Think of money flows like this.  If you have $50k in bonds and $50k in stocks, and you decide to sell $25k of your bonds and move it to stocks, money is flowing out of bonds and into stocks.

Its not like money really flows like water molecules in a river, but the overall demand for bonds has dropped by the amount of your sale, so their price drops too.  I'm still not sure I'm making sense.  let's try again.

So, simply put, when prices of a given item goes up, it is receiving a money flow - otherwise, the price couldn't rise.  More money in aggregate starts bidding on the item, item runs out of supply at the current price, and price has to rise to pull more "item" into the market.  "Gee, that's a much nicer price, I'll sell my items for sure."

Likewise, when price of an item drops, money is flowing out.  A whole lot of supply of the item has come onto the market, and it swamps demand, so price drops until more demand appears, rinse, repeat.  "My that's a nice discount, I'll pick some item up for that price."

Concrete-examplewise, take bonds.  They've tanked really hard.  People are panic-selling their bond collections, willing to accept ever-lower prices as long as they just get out.  They take cash in exchange.  Money is pouring out of bonds.  For instance: if there were 60 trillion worth of bonds, and then the long bond drops 7%, well, now you have 55.8 trillion in bonds total.  That's a lot of money just gone.  Probably, 4.2 trillion dollars didn't actually change hands, its probably much less than that..  Like when 1 home sells for a lower price, 99 other homes have their value drop too.

After the flurry of trading is over, the total money in existence stays the same, it just changes owners.  The total number of bonds is also the same - they change owners too.  But the aggregate value of all the bonds has dropped - by 4.2 trillion dollars.

So.  Right now, money is flowing into the buck - other people are swapping their Euros (-1.33...its really cratering) for USD (+1.10) - and using those new dollars to buy US assets.  Looks like financial stocks, mostly (XLF:+2.17%).  And probably just US bank deposits too (i.e. cash).  So for traders right now, Euros are trash (gotta get rid of these horrible, sinking euros), buck is cool (Trump is gonna make america great!), so price of EUR falls, price of USD rises, and (gotta buy something with these dollars - lesse what looks good, I know, XLF!) price of financials rise too.  That's a money flow from Euros to USD and then to US financial stocks.

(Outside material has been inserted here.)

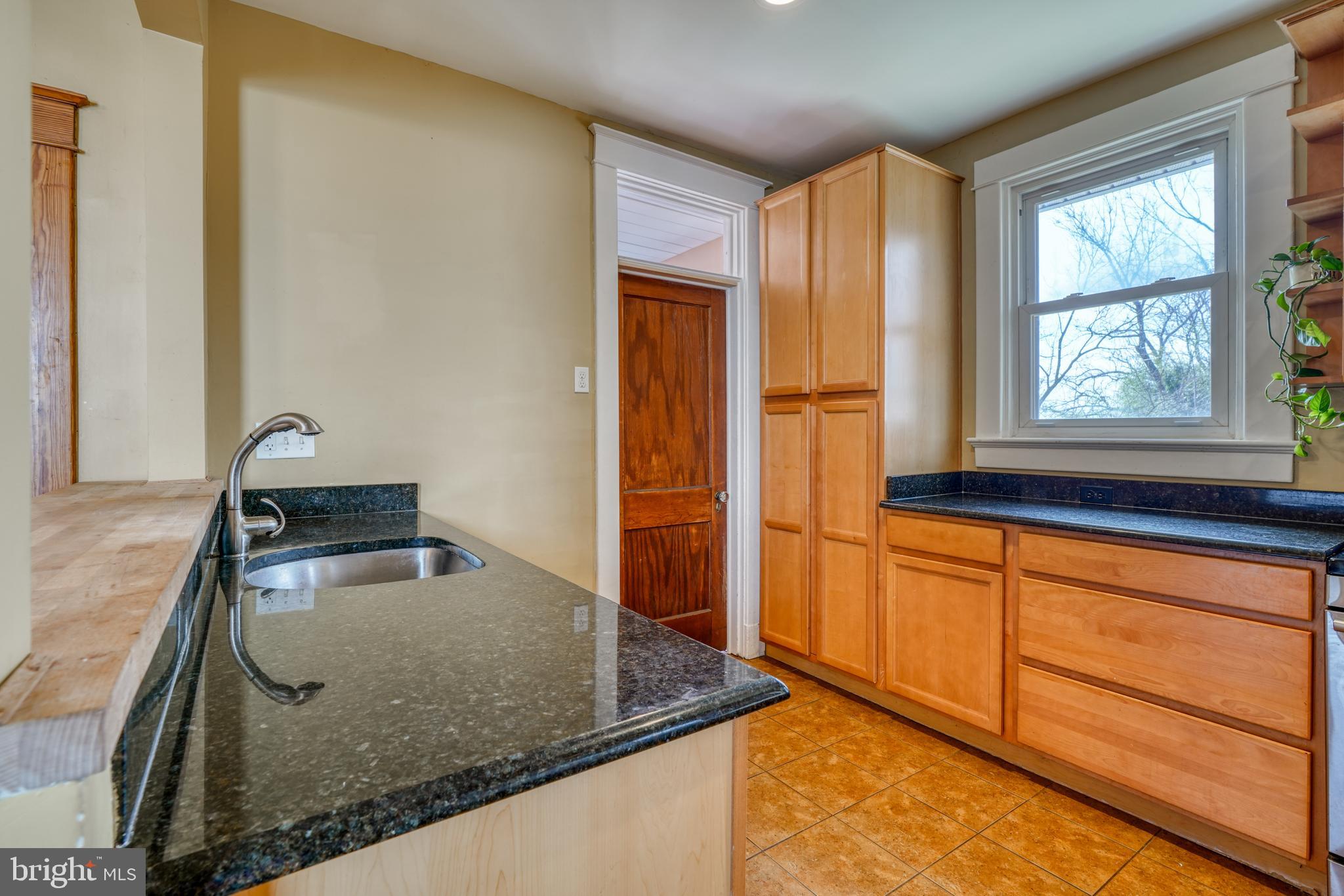 LAURAVILLE HISTORIC DISTRICT - Residential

Money is also fleeing tech today (XLK:-1.56%).  Ouch.

There's also a thing called "sector rotation."  That is, market stays roughly flat, one sector rises (XLF:+2.17%) and another sector drops (XLK:-1.56%).  Money is flowing from XLK to XLF.

And that's money flows.

davefairtex's picture
davefairtex
Status: Diamond Member (Offline)
Joined: Sep 3 2008
Posts: 5681
low in miners today?

Looks like a fairly strong rally in the miners today - a lot more than the dead cat bounce I was expecting.  Gold might be putting in a low, silver I'm not so sure about.  It will all depend on how we close.

 

Oliveoilguy's picture
Oliveoilguy
Status: Platinum Member (Offline)
Joined: Jun 29 2012
Posts: 578
Low?

Just bought a few shares of CEF....My unscientific observation is that CEF lags the miners but follows. Oh well ...who cares about money anyway....I'm so euphoric to be keeping the Supreme Court,  that the pounding I have taken in SLW and GG doesn't hurt too bad.

sand_puppy's picture
sand_puppy
Status: Diamond Member (Offline)
Joined: Apr 13 2011
Posts: 2032
Thanks DaveF

People selling bonds makes the Yield rise, due to the Price of the bond falling.  Damn I hate that convention.  Too much counter-intuitiveness.  Thanks for the explanation.